Au mois de février 1177 (1178), nous trouvons les trois frères, Sicard, Guillaume et Pierre de Laurac, en présence et avec le consentement d'une nombreuse assemblée de chevaliers et de bourgeois de Castelnaudary et de Laurac, concédant aux Hospitaliers l'entière seigneurie des maisons et terres qu'ils possédaient dans les villes ou places leur appartenant, ainsi que de celles qu'ils pourraient y acquérir dans la suite, et les déclarant libres de tout service et de tout usage (Arch. Puysiuran. 1. I. ).

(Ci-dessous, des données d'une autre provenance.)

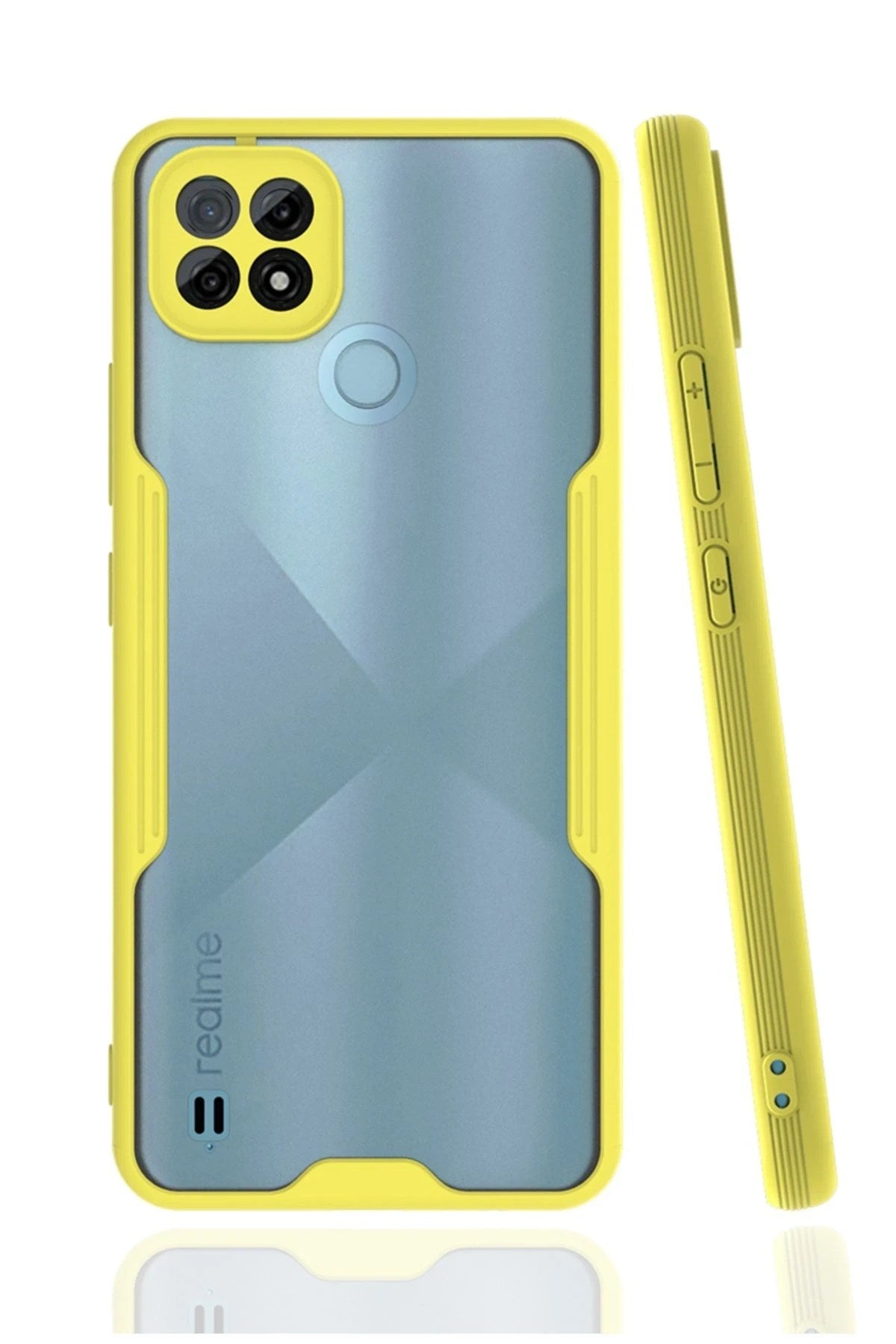 Mey İthalat® Realme C21 Kılıf Platin Silikon - Sarı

Cependant la ville de Puysiuran ne prospérait guère; les habitants des campagnes voisines hésitaient à venir transporter leurs résidences dans cette place ouverte, située sur la principale route du midi de la France, et qu'une ceinture de murailles ne protégeait pas contre les entreprises de la plus minime troupe armée passant, dans les environs. C'est à cet état de choses que résolut de remédier le commandeur Pierre de Soubirran. Pour venir a bout de l'entreprise coûteuse de la fortification de la ville, il eut recours aux deux plus puissants seigneurs du pays et conclut avec eux un traité de paréage, par lequel il achetait leur concours au moyen de la cession d'une partie de sa juridiction. Les archives nous ont conservé la charte de commune octroyée par ces, trois seigneurs, dans le but d'attirer de nombreux habitants dans leur nouvelle bastide. Ils maintiennent le droit d'asile dans ce territoire; tout étranger qui viendra s'établir dans la ville pourra choisir, a son arrivée, le seigneur sous la protection de qui il voudra se placer; les habitants, exempts de tout droit de leude, ne paieront que le sextarage pour le sel, d'après les coutumes de Castelnaudary; la justice sera exercée par indivis an nom des trois seigneurs (1194).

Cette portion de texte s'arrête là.